Pictures in the listing below are skipped, while the lines from the "MSCI新宠表态医药龙头被狂减外资思路有变" line through the "Hệ thống điện" line are returned word for word.

* Materials provided:

□ □ □ □ □ □ □

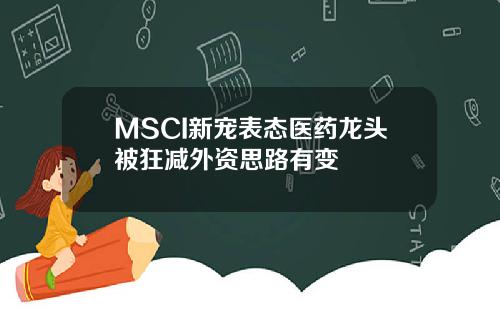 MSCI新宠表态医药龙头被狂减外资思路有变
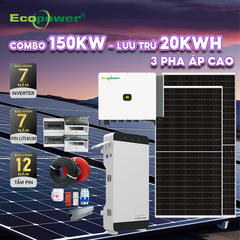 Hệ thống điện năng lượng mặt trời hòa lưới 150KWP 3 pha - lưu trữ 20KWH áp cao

□ □ □ □ □ □ □

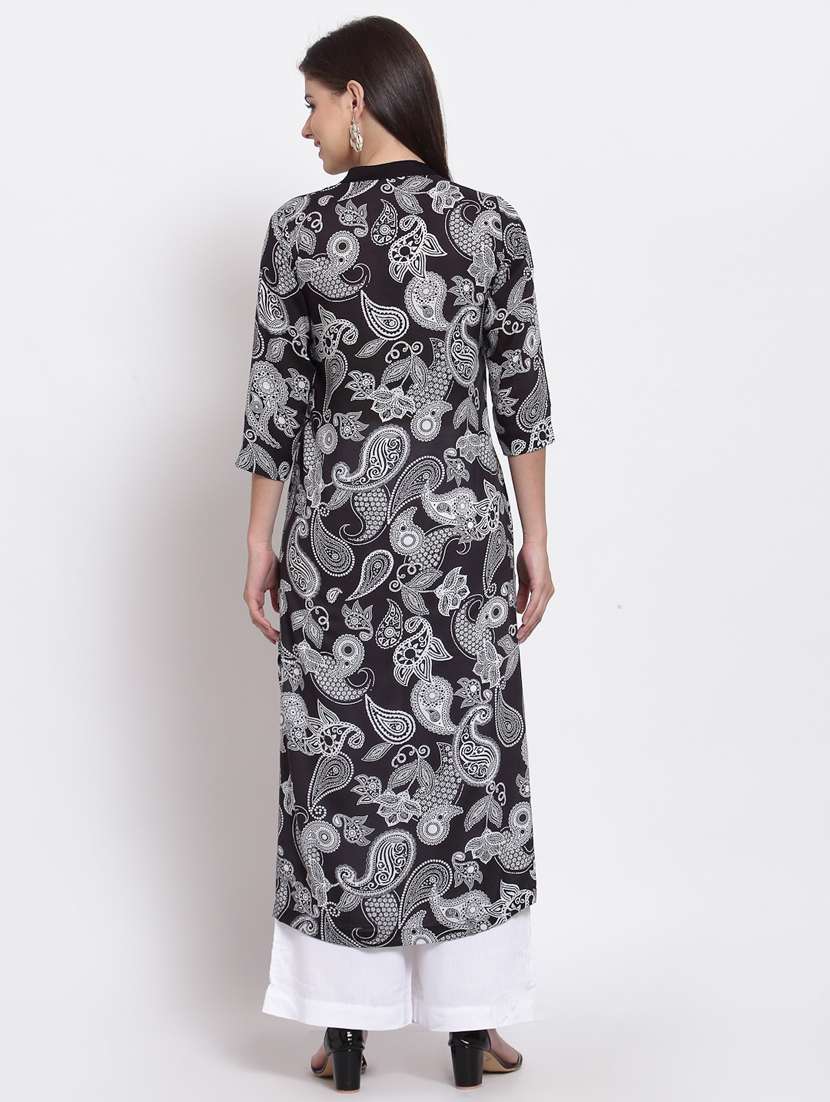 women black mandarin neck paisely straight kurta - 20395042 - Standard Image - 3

□ □ □ □ □ □ □

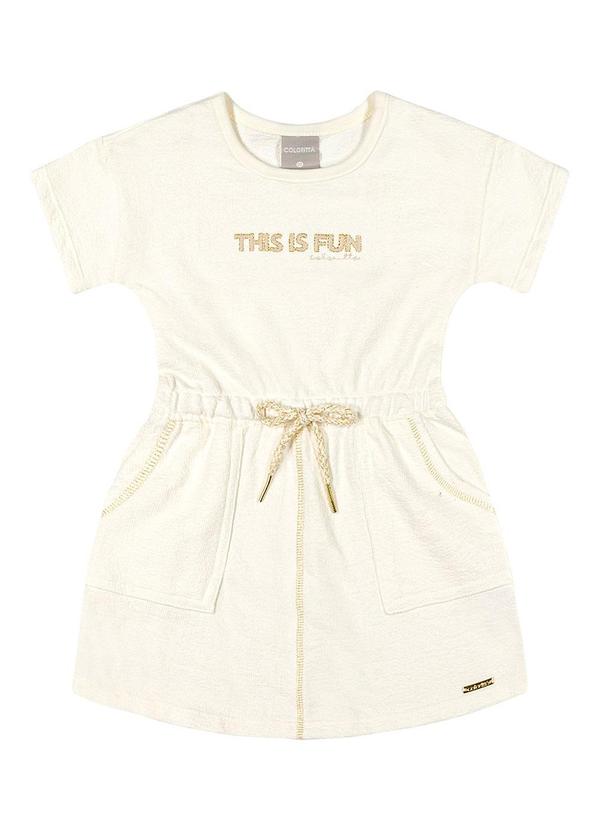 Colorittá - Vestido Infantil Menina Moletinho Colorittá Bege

□ □ □ □ □ □ □

* Result below:
 MSCI新宠表态医药龙头被狂减外资思路有变
 Hệ thống điện năng lượng mặt trời hòa lưới 150KWP 3 pha - lưu trữ 20KWH áp cao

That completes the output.